Damascus has expressed its support for a truce during the Muslim Eid al-Adha holiday, which starts Thursday and lasts three or four days, said Lakhdar Brahimi, the United Nations-Arab League Special Representative for Syria. “Other factions in Syria that we were able to contact, heads of fighting groups, most of them also agree on the principle of the cease-fire,” he said in Cairo, according to news reports.

Syria’s foreign ministry later said Syria’s government would announce its “final position” on Thursday.

The U.N. Security Council backed Mr. Brahimi’s initiative in a nonbinding press statement Wednesday. Members including Russia—Syria’s main ally on the council—”welcome the important and timely initiative” and “called upon all regional and international actors to use their influence on the parties concerned to facilitate the implementation of the cease-fire and cessation of violence.” Significantly, the statement held Syria’s government primarily accountable—”as the stronger party”—for enforcing a truce.
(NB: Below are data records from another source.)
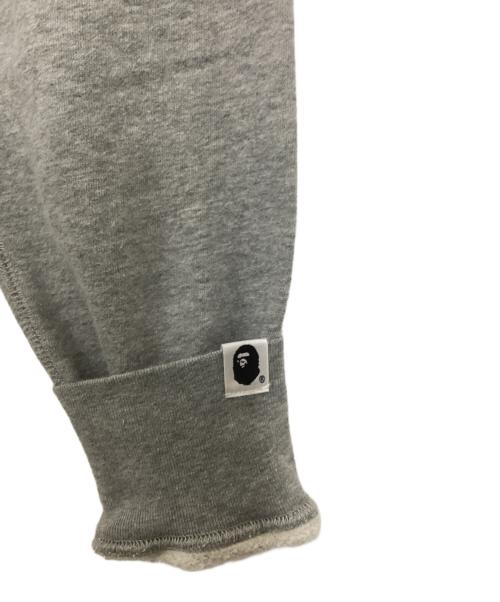 A BATHING APE PIRATE STORE（アベイシングエイプ パイレーツストア）A BATHING APE PIRATE STORE (アベイシングエイプ パイレーツストア) プリントスウェット グレー サイズ:Lの古着・服飾アイテム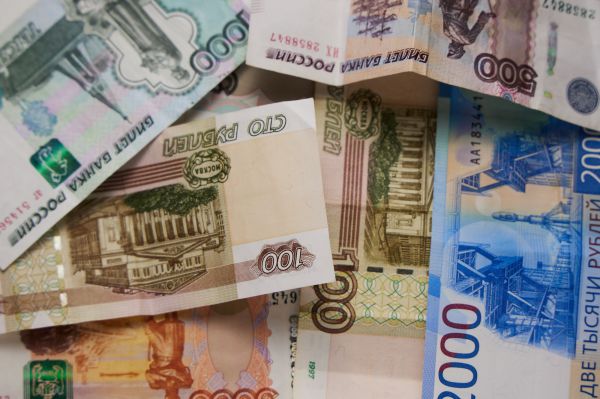 Среднюю зарплату больше стали предлагать к концу года свердловские работодатели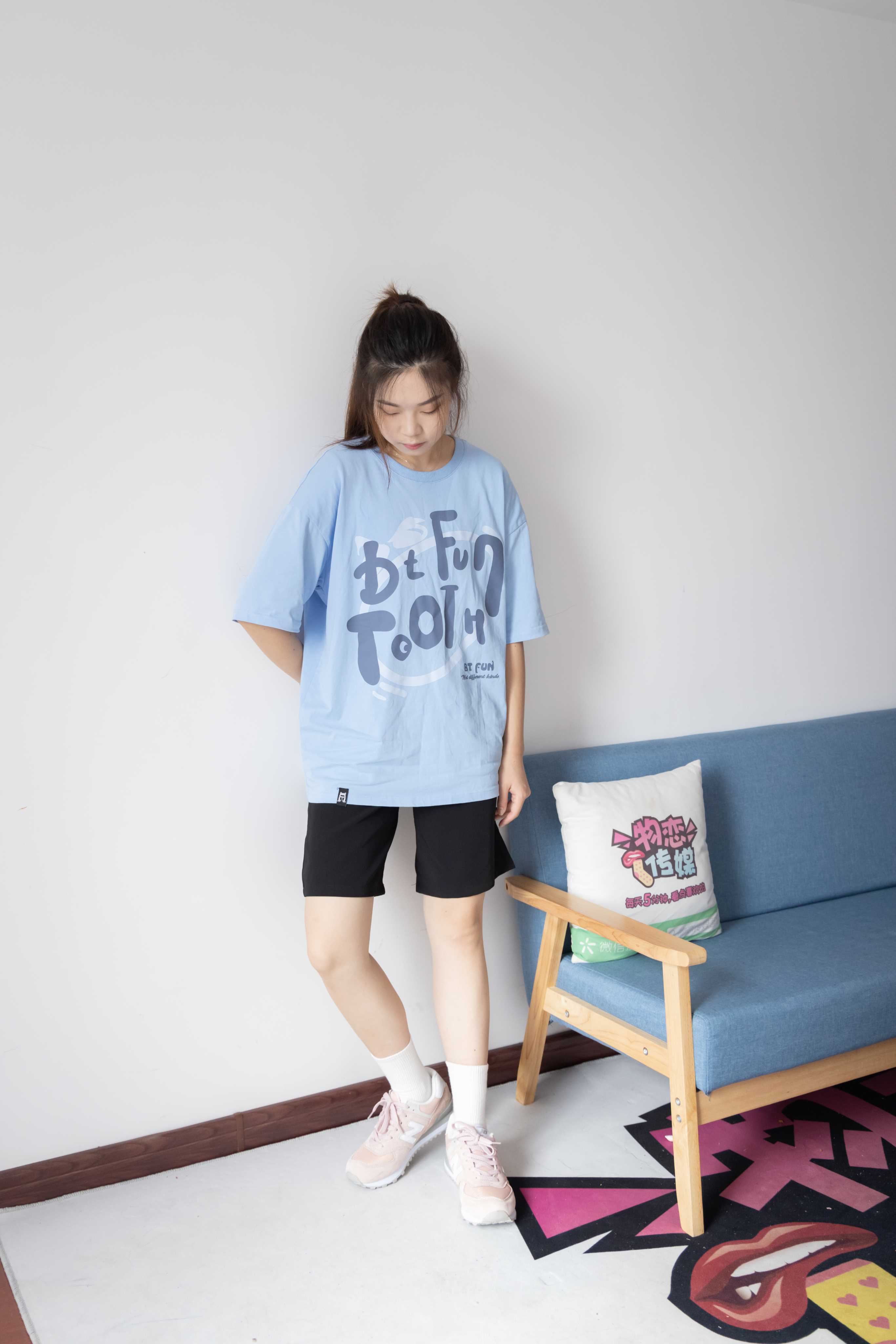 物恋传媒 NO.933 漾漾-落雨似花 [154P+1V／4.81GB]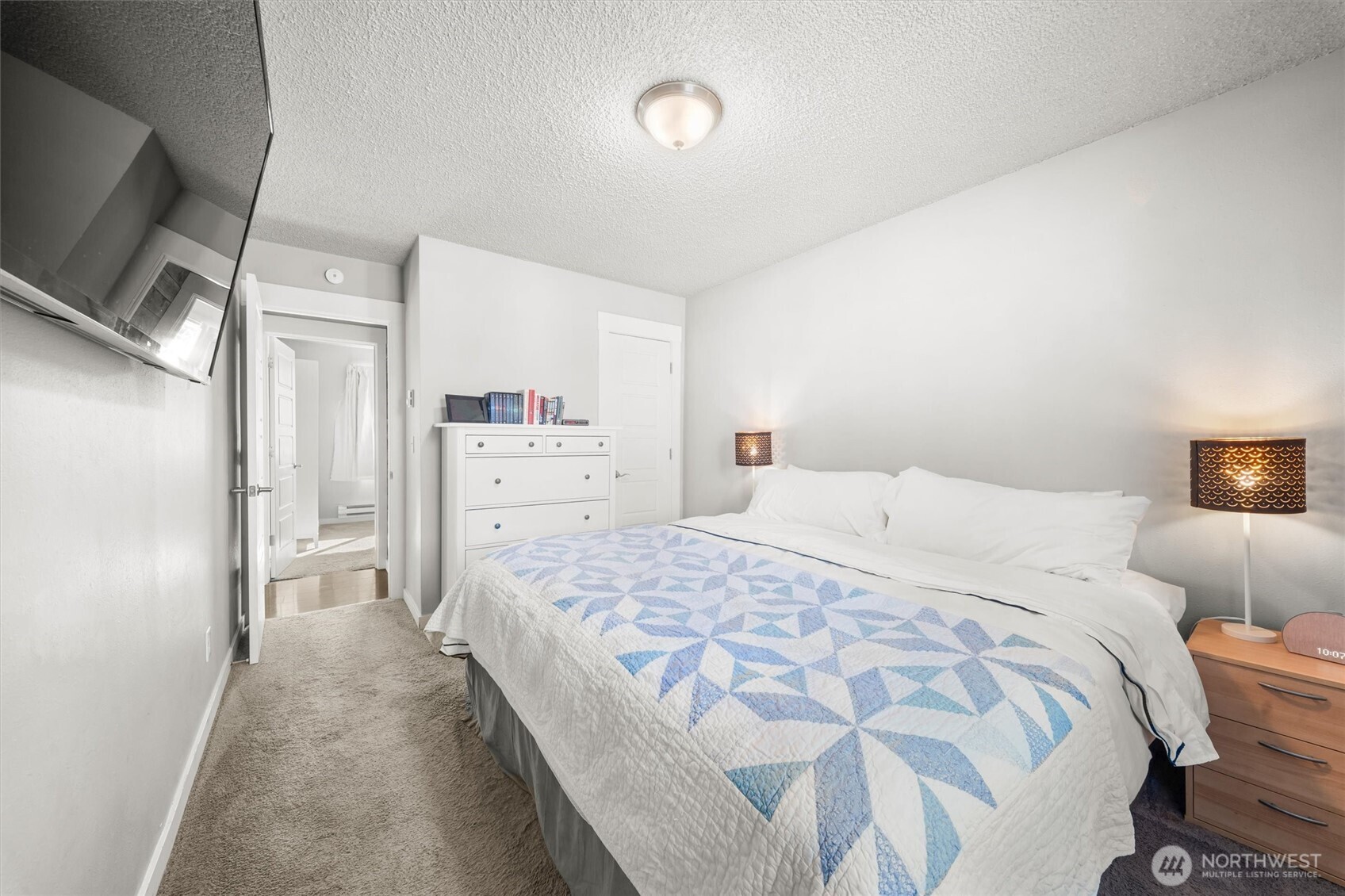 property viewer photo 19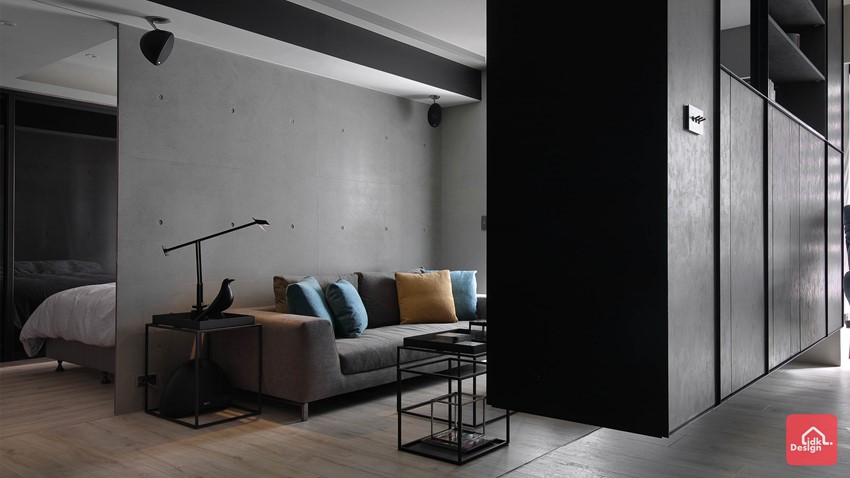 在灰黑色调之中,部分地板选用了浅木色,添上一份温暖的感觉.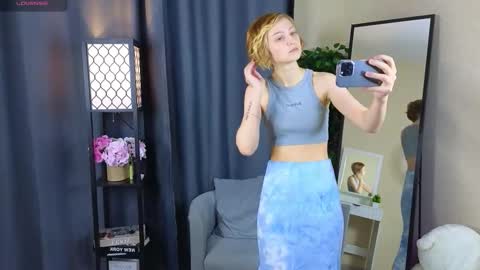 Anna online show from 09/17/25, 01:40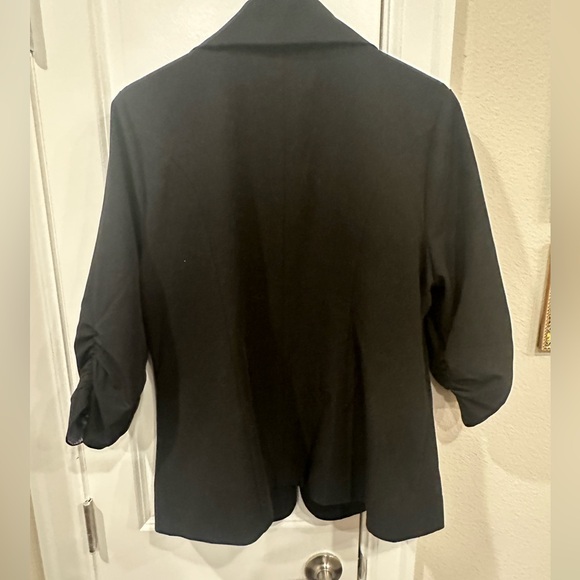 Torrid Women’s Black Blazer w/Cinched Sleeves - Picture 2 of 3
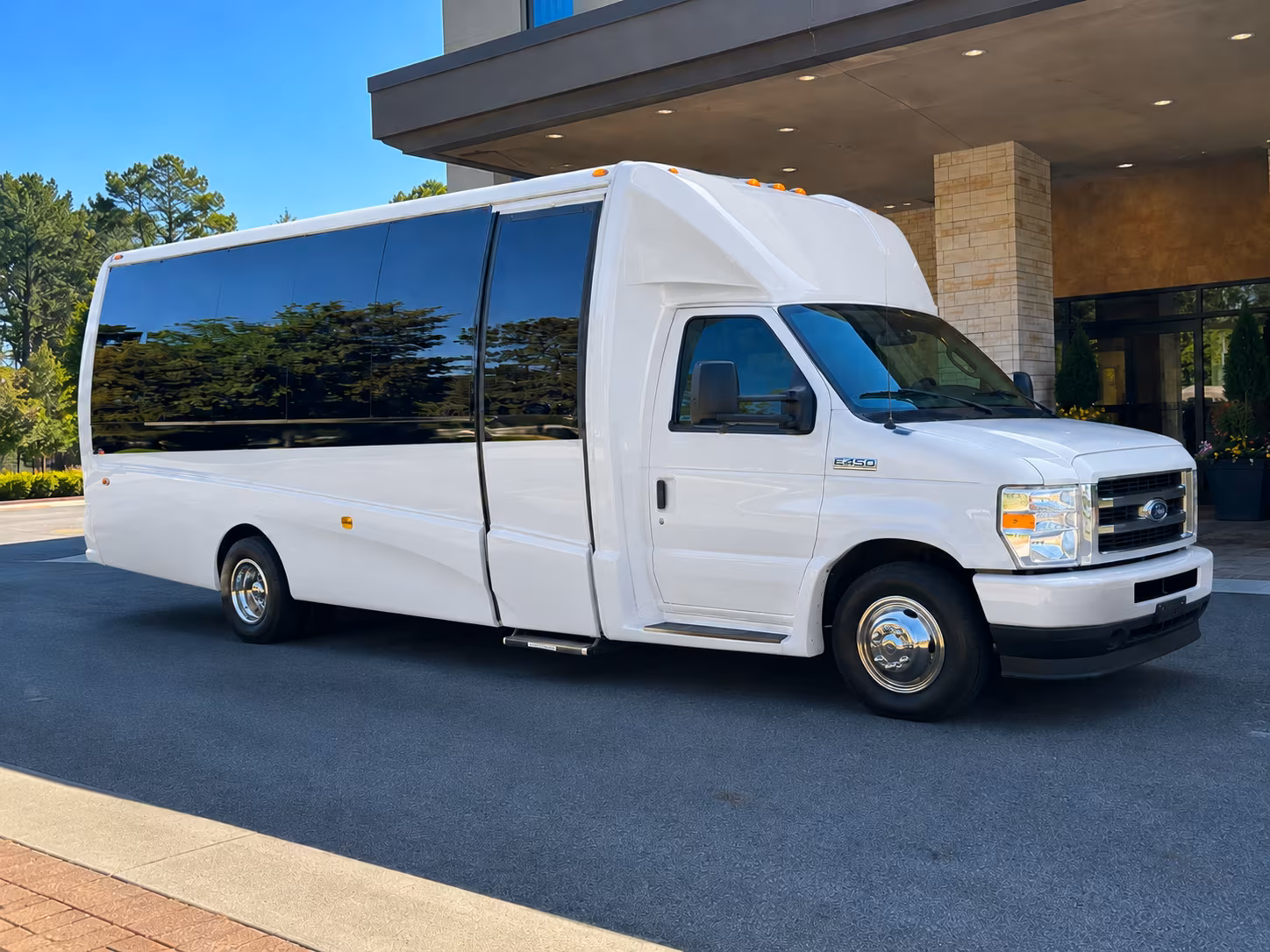 find and book transportation for your next church or religious group 3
The last internationally brokered cease-fire in Syria, led by former special envoy Kofi Annan, collapsed after holding for a few days in April. That cease-fire—which called for a simultaneous halt in fighting—tempered violence for about a month before fighting surged and spread across the country. Both sides accused each other of using the temporary lull in violence to regroup. Syria’s government said rebels began to amass weapons at the time.

Since then, the rebels grouped under the Free Syrian Army have grown into a more sophisticated insurgency. But they are fractured across Syria into localized fighting units. That makes negotiating with the growing number of rebel leaders more task than before, people involved in the U.N. and Arab diplomatic effort say. Few rebel groups are willing to entertain a cease-fire, these people say.

The number of groups tallying the toll of Syria’s conflict has dwindled as the pace of killings picked up. The United Nations stopped its count in August. One widely cited tally comes from a U.K.-based opposition group called the Syrian Observatory for Human Rights, which this week said 34,000 people have been killed.

Douma, a majority Sunni town about seven miles northeast of Damascus, has seen multiple offensives by the Syrian army, including one over the summer.

One resident reached briefly in Douma said pro-regime thugs, known colloquially as shabeeha, and security forces were behind the latest killings there. Another resident, an activist, said they targeted civilian homes.

“There was no reason for this massacre. The fighters weren’t even in the vicinity,” said a man who gave his name only as Mahmoud.

By nightfall, Douma was hit with a barrage of mortars, rockets and artillery from government forces stationed on the outskirts of town, said activists from the opposition’s Local Coordination Committees. They said a total of at least 40 people, including what they said were 30 in the alleged massacre, have been killed there since Tuesday.

Separately, at least four people were killed and 11 wounded in a car bomb in the neighborhood of Tadamoun on the south side of Damascus, Syrian state media said. The area, which is adjacent to a Palestinian refugee camp, is among the most volatile in the capital. Photos released by Syrian state media showed an incinerated bus purportedly hit in the bombing.

Syria’s government blamed Tuesday’s killings in Douma on “terrorist armed groups,” the term it usually uses to refer to antiregime rebels. In a letter to the U.N. Security Council and other U.N. bodies, Syria’s foreign ministry said a rebel group known as Liwa al-Islam, or the Islam Brigade, was responsible for massacring 25 people including women, children and elderly people. The government identified by name what it said were the six affected families; the names were different than those identified by rebels.Syria’s foreign ministry demanded the international groups take a stand against the massacre. It said the killings—like previous massacres this year in Homs, Hama and the Damascussuburbs—were carried out by the rebels to discredit the government ahead of U.N. Security Council deliberations over Syria, according to the letter, which was cited by Sana state news agency. The Syrian foreign ministry also said that no members of the army or security forces were present near the site of the massacre, adding this was proof of the rebels’ culpability.